Он повернул в маленькую темную улицу, предпочитая ее широким блестящим бульварам, и медленно пошел по ней, держа под мышкой свою шляпу и с сигарой в зубах, которую он, впрочем, забыл закурить. Он вспомнил тот, другой вечер, два года тому назад, когда он тоже был в опере и впервые увидал Сару Дезанж, но не в ложе или из ложи, как теперь, и не из партера. Он был беден тогда и сидел в дешевых местах, не желая одолжаться и принять место в театре от своего приятеля. Он не хотел никому обязываться, и эта преувеличенная щекотливость в таких делах была типичной для него.
Он не мог припомнить в свои двадцать восемь лет, чтобы он был беззаботно весел когда-нибудь. Его мальчишеские годы прошли в упорной и угрюмой подготовке к юношеским годам, а юношеские годы – к позднейшему зрелому возрасту.
Мать свою он едва помнил, разве только как бледный образ, сливающийся с поблекшими обоями детской. Он жил всегда вместе со своим отцом и делил с ним его честолюбивые мечты, как делил и скудную жизненную обстановку.
Вообще жизнь не баловала Жюльена и была тягостной для него. Но в конце концов он добился успеха.
Единственный сын тоже единственного сына, последний представитель расы, чертовски гордый, как только может быть гордым нищий аристократ, Жюльен с детства имел перед собой уже вполне определенную карьеру. Он был слишком беден для дипломатии и мог выбирать только карьеру адвоката. И вот Жюльен выбрал ее, изучил законы и достиг успеха.
Было уже решено с самого начала, что, как только у него накопится достаточная сумма денег, он выкупит их дом. Он беспрекословно соглашался на всякий план, но не вследствие своей беспечности или неспособности к критике, а потому, что у него не было времени, чтобы исследовать более тщательно и составить себе собственное мнение о своей карьере, и только за последние годы он начал замечать в ней пробелы: некоторые из них зависели от недостатка свободы действий, другие же от узости взглядов.
Но его воспитание, тренировка и самообуздание развили у него терпимость, и притом он был великодушным человеком. Он убедился также – хотя его чувство справедливости возмущалось против этого, – что ему необходимо усвоить себе взгляды своего отца и его осмотрительность.

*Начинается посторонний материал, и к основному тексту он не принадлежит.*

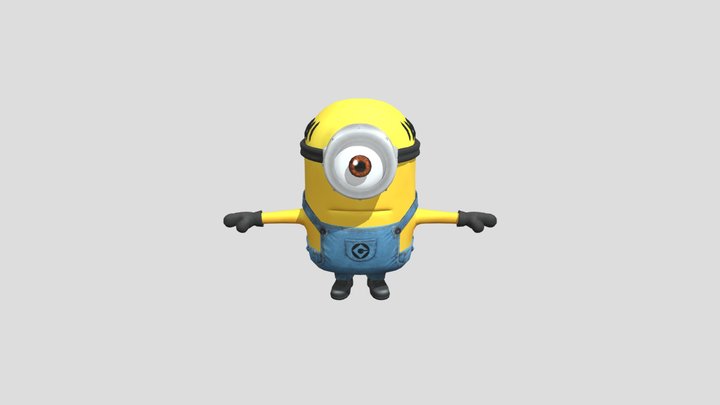 Minion Rush - Mel 3D Model
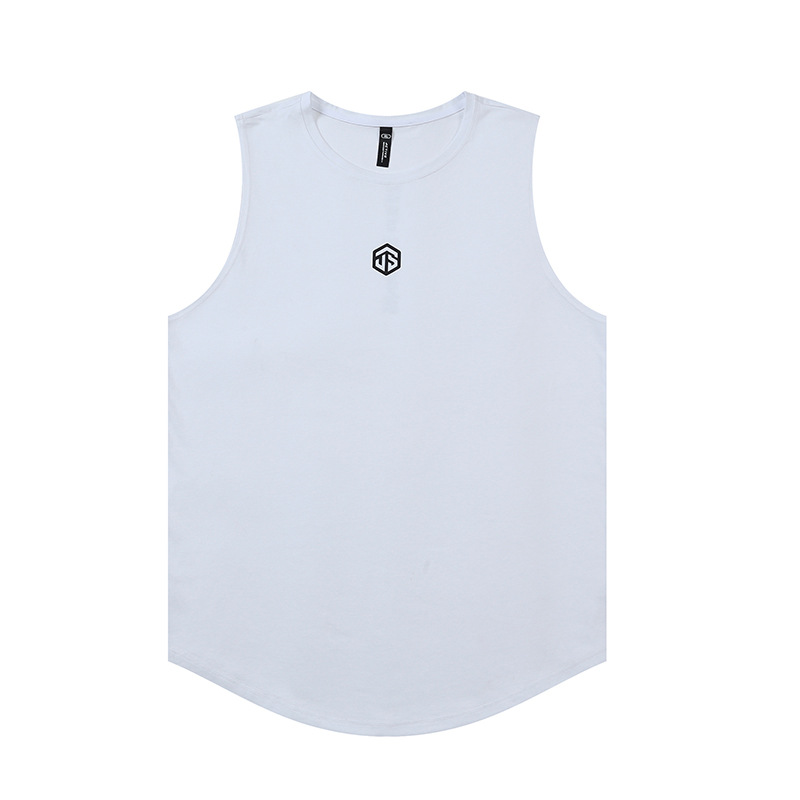 Verano de los hombres corriendo deportes Chaleco de secado rápido fitness transpirable de algodón sin mangas crossbody bottoming undershirt personalizado impreso LOGO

Он был не из тех людей, которые способны широко мыслить, а из тех, которые обладают упорством и в девяти случаях из десяти достигают цели таким путем.
«Во всяком случае, отец приучил меня к труду, и в значительной степени моим успехом я обязан ему», – добродушно уверял себя Жюльен. Он был привязан к своему отцу, и его острый ум давал ему возможность оценить его усилия, направленные к выполнению своей отцовской роли на жизненной сцене. Не обладая особенной силой воображения, отец Жюльена старался быть для него тем, чем, по его мнению, должен быть современный отец для своего сына. Он редко хвалил его, но в действительности очень близко к сердцу принимал его успехи.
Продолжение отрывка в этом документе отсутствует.